Abstract

Title

Identifying treatment errors for lung cancer patients using EPID dosimetry and deep learning

Authors

Cecile Wolfs1, Renate van Doormaal1, Evelyn de Jong2, Richard Canters1, Frank Verhaegen1

Authors Affiliations

1GROW School for Oncology, Maastricht University Medical Centre+, Department of Radiation Oncology (Maastro), Maastricht, The Netherlands; 2Catharina Hospital, Department of Radiotherapy, Maastricht, The Netherlands

Purpose or Objective

Electronic portal imaging device (EPID) dosimetry aims to detect errors before or during radiotherapy treatment. Clinically, threshold classification methods (e.g., 10% gamma fail rate threshold) are used for detecting errors, but these methods lead to loss of information (compressing multi-dimensional EPID data into a few numbers) and cannot be used for identifying causes of errors. Advanced classification methods, such as deep learning, can use the available multi-dimensional information as input. In this study, convolutional neural networks (CNNs) were trained to detect and identify error type and magnitude of simulated treatment errors in lung cancer patients. The purpose of this simulation study is to show the applicability of CNNs for error identification, using EPID dosimetry in various scenarios.

Materials and Methods

Three lung cancer patient cohorts and various EPID dosimetry modalities were considered: (1) 69 stereotactic body radiotherapy (SBRT) plans with 2D time-integrated (TI) pre-treatment EPID dosimetry, (2) 47 VMAT or hybrid plans (with both static beams and VMAT arcs) with 2D-TI transit EPID dosimetry and (3) 46 VMAT plans with 2D time-resolved (TR) transit EPID dosimetry.

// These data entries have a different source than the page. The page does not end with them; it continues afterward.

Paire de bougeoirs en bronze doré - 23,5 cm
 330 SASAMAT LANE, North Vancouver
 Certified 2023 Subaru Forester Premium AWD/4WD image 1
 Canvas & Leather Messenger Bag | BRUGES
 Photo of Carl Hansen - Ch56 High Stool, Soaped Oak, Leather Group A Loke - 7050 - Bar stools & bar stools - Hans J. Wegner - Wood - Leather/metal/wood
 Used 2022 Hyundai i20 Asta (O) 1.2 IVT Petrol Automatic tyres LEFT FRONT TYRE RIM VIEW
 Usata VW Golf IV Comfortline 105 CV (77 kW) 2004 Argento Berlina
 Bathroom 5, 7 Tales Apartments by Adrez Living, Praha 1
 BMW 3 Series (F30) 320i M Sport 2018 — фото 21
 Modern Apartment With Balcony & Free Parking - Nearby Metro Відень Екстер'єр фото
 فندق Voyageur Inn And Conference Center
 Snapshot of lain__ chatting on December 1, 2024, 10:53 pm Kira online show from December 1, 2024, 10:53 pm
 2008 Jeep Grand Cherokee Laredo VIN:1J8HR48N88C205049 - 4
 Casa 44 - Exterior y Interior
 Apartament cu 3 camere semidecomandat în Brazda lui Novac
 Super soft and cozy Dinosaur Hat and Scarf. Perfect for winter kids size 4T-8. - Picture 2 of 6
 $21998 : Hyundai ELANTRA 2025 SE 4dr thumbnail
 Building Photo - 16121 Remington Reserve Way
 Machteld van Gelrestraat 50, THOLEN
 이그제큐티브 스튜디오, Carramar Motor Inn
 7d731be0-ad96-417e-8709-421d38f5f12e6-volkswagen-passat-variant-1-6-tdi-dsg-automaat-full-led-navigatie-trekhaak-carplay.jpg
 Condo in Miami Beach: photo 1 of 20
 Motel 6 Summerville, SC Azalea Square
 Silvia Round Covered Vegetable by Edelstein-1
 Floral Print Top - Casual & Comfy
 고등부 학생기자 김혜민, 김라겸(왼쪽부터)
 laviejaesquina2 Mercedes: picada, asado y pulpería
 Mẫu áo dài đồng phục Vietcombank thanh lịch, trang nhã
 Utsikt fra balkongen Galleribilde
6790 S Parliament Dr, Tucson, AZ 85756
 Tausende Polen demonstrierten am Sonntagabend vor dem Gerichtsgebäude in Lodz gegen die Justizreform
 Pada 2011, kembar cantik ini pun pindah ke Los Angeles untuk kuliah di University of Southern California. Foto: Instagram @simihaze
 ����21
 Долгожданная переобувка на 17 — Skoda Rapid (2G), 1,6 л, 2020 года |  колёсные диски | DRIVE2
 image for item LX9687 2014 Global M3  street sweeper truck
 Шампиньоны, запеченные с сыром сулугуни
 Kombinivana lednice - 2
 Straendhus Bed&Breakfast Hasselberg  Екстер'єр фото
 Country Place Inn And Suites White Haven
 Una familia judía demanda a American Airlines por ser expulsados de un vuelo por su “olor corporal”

Clinically realistic ranges of mechanical errors (all cohorts), anatomical changes (cohort 2 and 3) and positioning errors (cohort 2 and 3) were simulated (Figure 1). Predicted portal dose images (PDIs) containing errors were compared to error-free PDIs using (3%, 3mm) gamma analysis. For cohort 1, (3%, 1mm) gamma analysis was additionally performed and evaluated. CNNs were optimized and trained to classify errors using gamma maps as input. Three classification levels were assessed (Figure 1), from coarser to more detailed: Level 1 (main error type, e.g., anatomical change or mechanical error – cohorts 2 and 3), Level 2 (error subtype, e.g., tumor regression or systematic MLC shift – all cohorts) and Level 3 (error magnitude, e.g., >50% tumor regression or MLC shift > 1 mm – all cohorts).



Results

CNNs generally showed good performance for all classification levels (Table 1), with overfitting becoming slightly more apparent for the more detailed classification levels. For cohort 1, (3%, 1mm) gamma maps provided consistently better results than commonly used (3%, 3mm) gamma maps. As the CNNs used for cohort 3 were optimized for TI data, but not yet for TR data, their performance is lower.




Conclusion

Deep learning is a promising powerful tool for identifying types and magnitudes of treatment errors with EPID dosimetry. It can advance the field of EPID dosimetry substantially, by providing rapid, automated models for error identification, and with that, additional detailed information not currently available from EPID dosimetry. Currently, the applicability of these CNNs to clinically measured EPID data, as well as optimization of CNNs for TR data and the use of different gamma criteria and dose comparison methods as model input are under further investigation for these lung cancer cohorts.